LeO also told the firm to pay her £2,000 to compensate for “the significant emotional distress their poor service had caused her”.
Irwin Mitchell was instructed by the legal expenses insurer to act for three people in a neighbour dispute, ultimately unsuccessfully. Although the limit of their funding was £50,000, Irwin Mitchell’s costs were around £85,000.
LeO found that the firm had failed to secure approval from the insurer to exceed the limit, instructed a barrister knowing that this would push them above it, and did not tell the clients when the limit was exceeded.
It also found “some evidence of duplicated charging which was only identified and rectified following this office’s investigation and also evidence of the firm charging for some aspects of handling Mr A’s complaint”. Irwin Mitchell provided some poor service during the trial as well.
LeO directed the firm to write off the £32,000 of fees payable above the limit and also pay £750 for emotional distress.
Now-defunct Norwich-based Lake Jackson was ordered to write off £40,000 in unbilled fees because of the poor costs information it provided a client pursuing a civil claim.

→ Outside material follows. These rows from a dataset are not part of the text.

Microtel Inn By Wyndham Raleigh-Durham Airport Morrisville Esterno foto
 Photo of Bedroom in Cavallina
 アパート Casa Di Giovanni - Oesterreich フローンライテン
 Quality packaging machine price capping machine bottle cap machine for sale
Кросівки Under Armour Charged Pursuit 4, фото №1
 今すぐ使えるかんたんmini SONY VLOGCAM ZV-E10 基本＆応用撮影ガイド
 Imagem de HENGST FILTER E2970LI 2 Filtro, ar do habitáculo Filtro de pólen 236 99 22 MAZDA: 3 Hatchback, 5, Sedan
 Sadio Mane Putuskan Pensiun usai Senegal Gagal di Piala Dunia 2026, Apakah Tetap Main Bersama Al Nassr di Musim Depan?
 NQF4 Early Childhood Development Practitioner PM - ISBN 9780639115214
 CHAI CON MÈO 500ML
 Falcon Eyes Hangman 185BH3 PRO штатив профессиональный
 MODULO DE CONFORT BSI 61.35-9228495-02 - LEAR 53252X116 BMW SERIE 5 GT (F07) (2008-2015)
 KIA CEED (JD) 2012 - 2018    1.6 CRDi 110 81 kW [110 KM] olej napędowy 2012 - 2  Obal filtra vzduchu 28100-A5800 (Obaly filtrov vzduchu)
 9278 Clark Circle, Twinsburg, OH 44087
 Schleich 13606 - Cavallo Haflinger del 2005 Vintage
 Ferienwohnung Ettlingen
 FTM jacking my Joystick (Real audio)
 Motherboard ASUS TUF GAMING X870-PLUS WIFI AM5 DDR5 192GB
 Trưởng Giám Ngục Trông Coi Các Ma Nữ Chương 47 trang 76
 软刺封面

“The firm did not provide Mr A with clarity around their charging rates until nearly a year after having been instructed and did not provide any further information about likely costs until nearly two years had passed.
“The firm were unable to provide any evidence of having issued any invoices to Mr A despite having done work on Mr A’s case.”
Another now-closed firm, Stocker & Co in Thame, was ordered to pay its client the unspecified deposit payment he had made in a development that went bust because of a variety of failures in its advice, including not activating deposit protection cover at exchange.
Strain Keville – a firm closed in 2023 by the Solicitors Regulation Authority as part of its intervention into the Law Direct group – was ordered to repay a client the £50,000 he had to spend to remove a charge on the property he was selling, after it failed to advise him of its existence when he bought it a decade earlier.
Similarly, Plymouth-based Curtis Law failed to advise its client that a property he bought did not have the required planning permission and building regulations approvals. This cost him £14,000 to remedy when he came to sell it a decade later.
The firm was ordered to repay him this, plus £500 for stress and inconvenience.
Blyth law firm Cuthbertsons was ordered to refund a third of the £16,000 in fees a client had paid – as well as the £9,000 he had to pay a second firm of solicitors – due to shortcomings in its preparation for a hearing on access to his children that led to it being ineffective.
Kent-based The Foster Partnership gave its clients poor advice when purchasing a piece of land at auction.
There were complications relating to an overage provision and a restriction on the title – which the firm had committed to having removed when it was unable to make such a promise – and then did not address HM Land Registry’s requisitions, which resulted in the application being cancelled.
It had to pay the client of £22,500, most of which represented the financial losses suffered by completing before the issue with the overage provisions was resolved.
LeO said the cases revealed “a consistent pattern of providers overlooking or failing to act on critical issues”, as well as communication failings.
Chief ombudsman Phil Cain said: “This third round of public interest decisions shows the very real consequences that can follow when legal services fall below expected standards.
“As an organisation we recognise that a significant majority of service providers deliver good service, but where things go wrong, consumers are often left with significant financial and emotional consequences.
“These decisions highlight important learning for providers and reinforce the need for diligence, clear communication, and proper risk management.”
In separate news, MPs on the justice select committee having backed the appointment of Richard Blakeway as the new chair of the Office for Legal Complaints – the board overseeing LeO – following a scrutiny hearing earlier this month.